Today's entry: Going All The Way. There's a classic problem known as the 8-queens problem. Put 8 queens on a chessboard so none of them can attack each other. (normal definition of queen - they can attack diagonally and along lines for any number of squares.) It's not hard to write a program to solve this, though it might take a few minutes for it to run.

A variation of this problem is the n-queens problem. For some (positive) integer n, place n queens on an n by n chessboard. I'm pretty sure it's possible for all numbers but 2 and 3. However, the amount of CPU time it takes to calculate increases dramatically.

For a variety of reasons (one of which being the sheer challenge), I wanted to see if I could manage to calculate really high numbers on the queens problem - you know, 30 or 40 or so. So I browsed around sites and found some interesting things - someone had set up a program on his computer to calculate 20-queens, and it had taken a few days. But there was a solution. (I only really wanted one.) A few days? For a measly 20 queens? I could do better than that . . .

So I did. It took a lot of optimization, but I ended up with a program that would go up through 28-queens in under a second per puzzle, as I remember. It only started going really *slowly* around 34 queens . . . from there it started quadrupling runtime per 2 queens (odd-numbered puzzles are really easy, it's the even-numbered puzzles that are tough.) I got up to 40 queens - which took a few hours, though I was doing other stuff at the time - and stopped it.

And it was mainly because I didn't give up. Okay, this bit is slow - how can I speed it up? How can I make this test run faster? Why am I doing this loop repeatedly - can't I do it only once?
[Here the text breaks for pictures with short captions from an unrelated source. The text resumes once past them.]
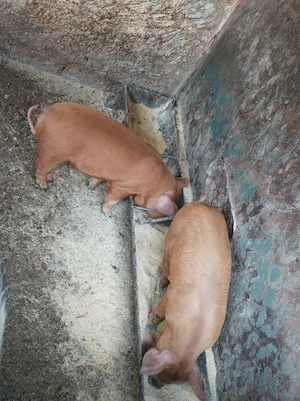 Vand purcei - imagine 5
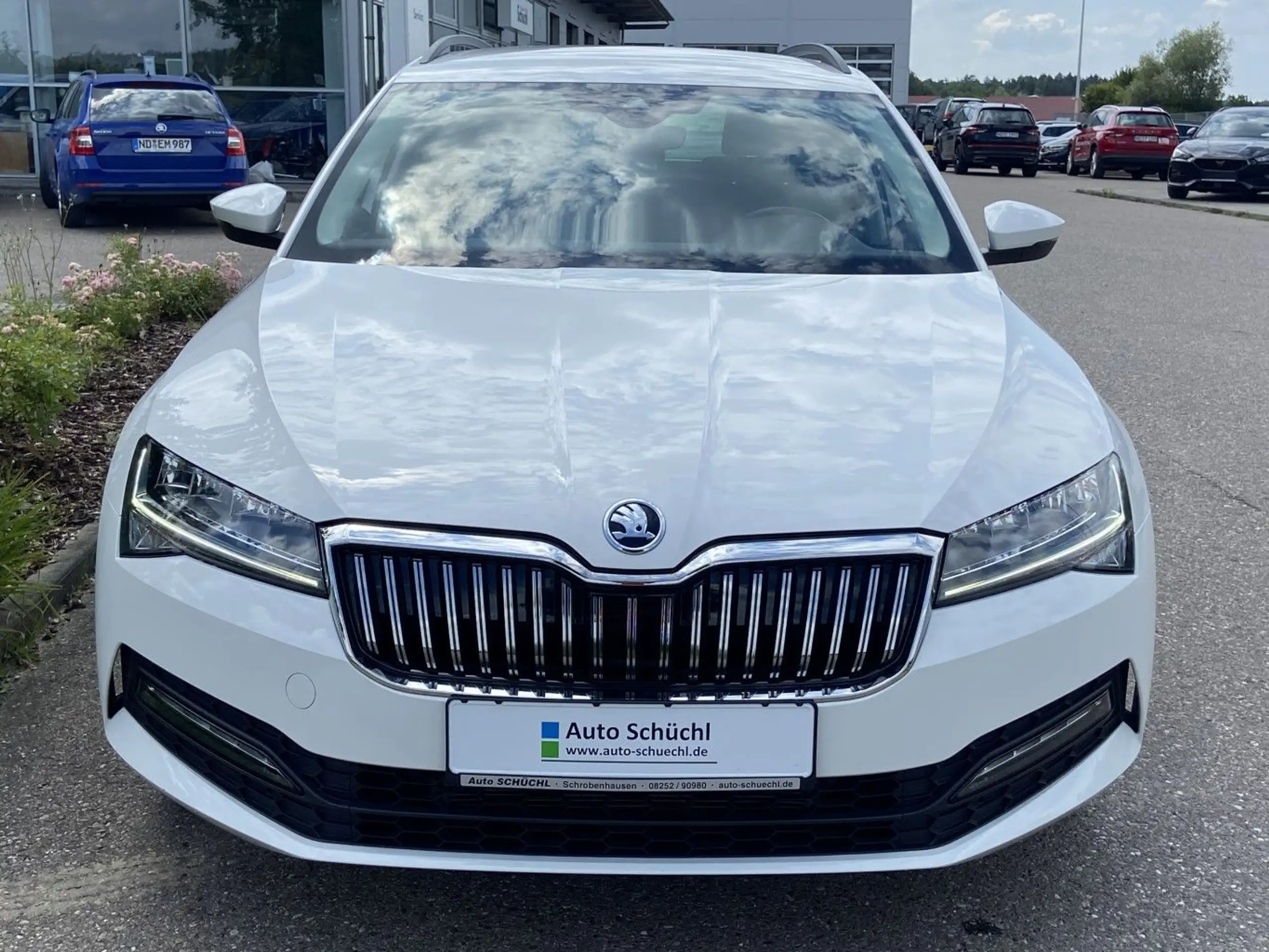 Skoda - Superb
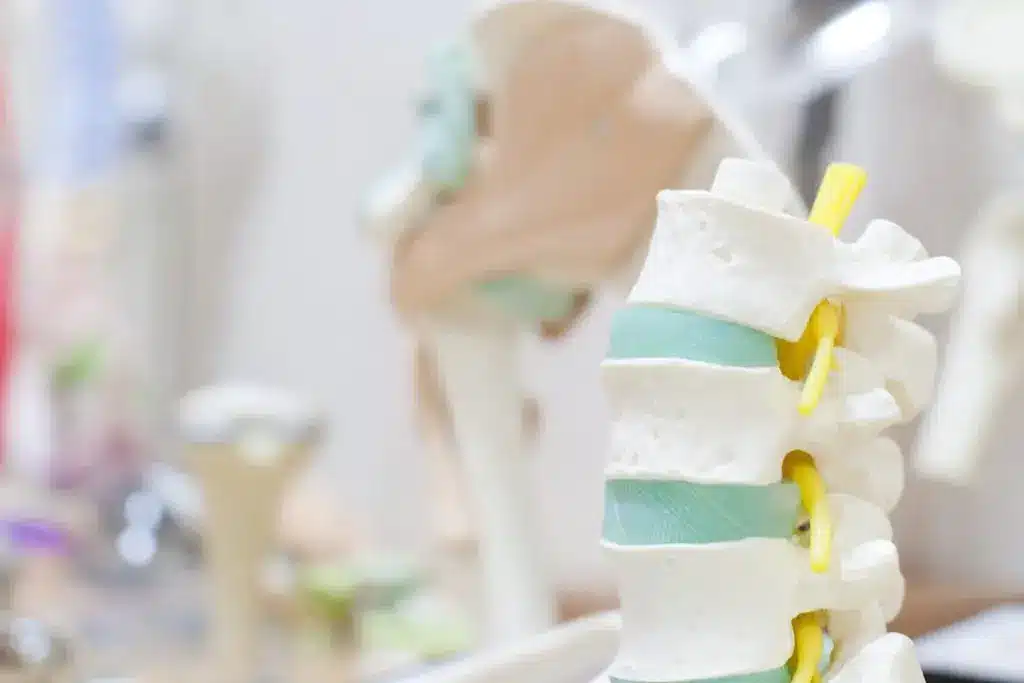 Thoracic Spinal Cord Injuries (T1-T12)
There was a puzzle at Tira's that I beat - the family had had it for six months or so, and nobody's managed it. I did it in maybe three minutes. How? I figured out a simple necessity of the solution and just started *doing* it. Talking to Tira later on, I realized she had been on the right track, she just hadn't kept on going. And later, watching her, she got stuck at a point that I recognized as being a point on the way to finishing it.

See, if you start from the easy end, there's this bit where, in order to keep going, you have to kinda take apart half of what you've done in order to swing one of the wooden bits into the right place - it threads through the middle, and you've already boxed off the middle pretty efficiently. When I was doing it, I just sorta said "okay, this needs to happen, so I'll make it happen" and did it. But most people seem to get to that point and say "well, this is tough, so it can't be the right way". Part of me being able to do these things appears to be the ability to just turn that part of my brain off and bull straight through even when it seems like a bad idea.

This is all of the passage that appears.